Because unaffiliated resellers are working from the identical shared ebook information, Mr. Zarei mentioned, “if one among us is making the error, everyone seems to be making it.”

While Mr. Zarei was capable of clarify how the error had flourished like a weed within the on-line ebook reselling ecosystem, he couldn’t decide the essential query of its existence: Why had so many books been printed with what seemed to be the very same bar code?

“That’s actually not what we might name greatest observe,” mentioned Brian O’Leary, the chief director of the Book Industry Study Group, a publishing commerce affiliation.

Although the books mailed to Ms. Gordon have been as unalike as members of the nightshade household, shut inspection turned up hint similarities. All of the books have been revealed between 1984 and 1995. All have been revealed by G.P. Putnam’s Sons or its paperback affiliate on the time, Berkley Books.

The widespread lineage led Mr. O’Leary to take a position that the reused bar codes might have been the results of “a manufacturing downside” on the writer stage.

For occasion, Mr. O’Leary mentioned, “while you’re laying out a ebook and you set the duvet collectively for the primary time, you might not know the ISBN.” Perhaps, he mentioned, somebody had inserted a “dummy” bar code and ISBN, in order that, say, the writer and artwork director might see what the completed product would seem like. If so, it could have been the case that they often forgot to later swap out the “dummy” parts for the true ones.

Or maybe they remembered, however solely midway. Bar codes have been nonetheless gaining recognition within the Nineteen Eighties, in spite of everything. (A consultant for Penguin Random House mentioned the writer was unable to find an worker who felt they’d “the correct perception” to reply questions on this occasion of bar code confusion.)

It’s attainable, Mr. O’Leary mentioned, that “any person simply mentioned, ‘Oh, we’ll change the ISBN with out considering, ‘We want to vary the bar code’” — which is supposed to encode that very same quantity.

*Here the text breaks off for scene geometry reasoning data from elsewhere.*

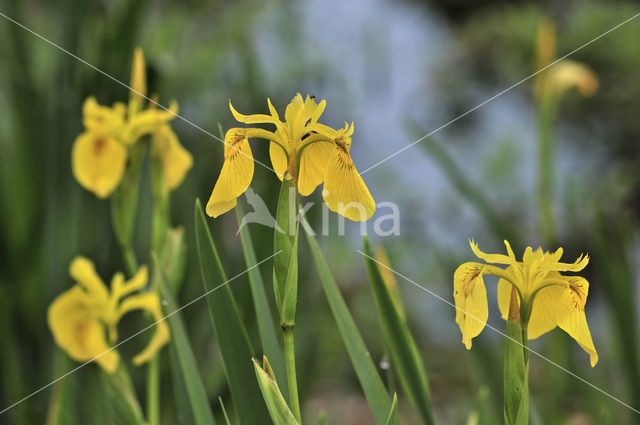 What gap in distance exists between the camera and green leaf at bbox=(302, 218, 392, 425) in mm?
250

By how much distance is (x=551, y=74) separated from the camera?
32.5 inches

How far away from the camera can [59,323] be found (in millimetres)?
365

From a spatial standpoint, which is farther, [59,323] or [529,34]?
[529,34]

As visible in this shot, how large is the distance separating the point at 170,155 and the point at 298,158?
0.24m

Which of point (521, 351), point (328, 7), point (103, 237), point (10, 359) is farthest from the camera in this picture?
point (328, 7)

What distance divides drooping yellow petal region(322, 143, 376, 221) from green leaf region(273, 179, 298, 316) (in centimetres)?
1

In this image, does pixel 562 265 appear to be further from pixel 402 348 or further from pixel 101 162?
pixel 101 162

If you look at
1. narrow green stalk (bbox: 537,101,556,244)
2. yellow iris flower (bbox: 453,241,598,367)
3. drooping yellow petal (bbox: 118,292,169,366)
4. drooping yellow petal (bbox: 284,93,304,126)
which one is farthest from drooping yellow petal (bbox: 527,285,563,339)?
narrow green stalk (bbox: 537,101,556,244)

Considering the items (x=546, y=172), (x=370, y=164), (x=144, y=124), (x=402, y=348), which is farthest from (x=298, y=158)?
(x=370, y=164)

“187 Men to Avoid” was in all probability not the progenitor of the shared bar code; the publication dates for “Heretics of Dune” and “The Ghost Light” predate it by 9 years. But it’s believable that out of all of the completely different books printed with this bar code, “187 Men to Avoid” occurred to have been the primary to move underneath the scanning laser of a web based used-book vendor.

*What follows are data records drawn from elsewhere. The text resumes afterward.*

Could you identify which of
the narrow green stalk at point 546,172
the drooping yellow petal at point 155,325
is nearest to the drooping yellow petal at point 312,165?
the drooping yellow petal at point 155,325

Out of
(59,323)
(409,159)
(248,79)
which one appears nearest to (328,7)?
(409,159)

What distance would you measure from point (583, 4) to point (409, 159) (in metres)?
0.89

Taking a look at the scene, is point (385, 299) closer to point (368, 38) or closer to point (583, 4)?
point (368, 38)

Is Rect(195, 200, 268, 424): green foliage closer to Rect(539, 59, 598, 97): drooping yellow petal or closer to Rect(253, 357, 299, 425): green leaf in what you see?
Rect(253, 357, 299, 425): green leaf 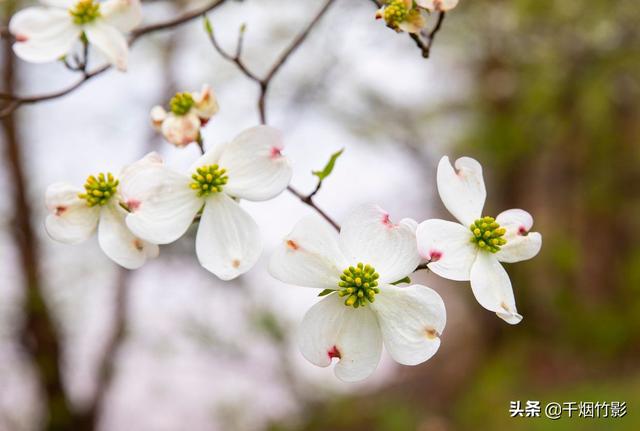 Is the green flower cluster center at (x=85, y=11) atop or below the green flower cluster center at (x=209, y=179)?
atop

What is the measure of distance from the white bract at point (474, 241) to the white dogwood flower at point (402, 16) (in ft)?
0.43

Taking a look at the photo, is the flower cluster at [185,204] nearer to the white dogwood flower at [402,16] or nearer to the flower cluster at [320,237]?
the flower cluster at [320,237]

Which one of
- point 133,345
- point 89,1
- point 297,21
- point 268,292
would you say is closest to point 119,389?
point 133,345

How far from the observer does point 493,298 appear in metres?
0.40

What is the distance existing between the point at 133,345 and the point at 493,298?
8.09ft

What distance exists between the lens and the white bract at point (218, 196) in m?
0.41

It’s nearly inconceivable to know what number of books have this bar code, based on Mr. O’Leary. In different phrases, if Ms. Gordon sticks to her present technique, there is no such thing as a technique to know what number of on-line orders for “187 Men to Avoid” she should place earlier than she receives the proper merchandise. It’s attainable not one of the sellers will ever possess this ebook once more, regardless of what their inside information present.

Still, she stays optimistic that she’ll purchase it will definitely.

“I’ve to remain constructive,” she mentioned. “I’m going to get this ebook if I’ve to go to New Hampshire and pry it out of Dan Brown’s palms.”

Alexandra Alter contributed reporting.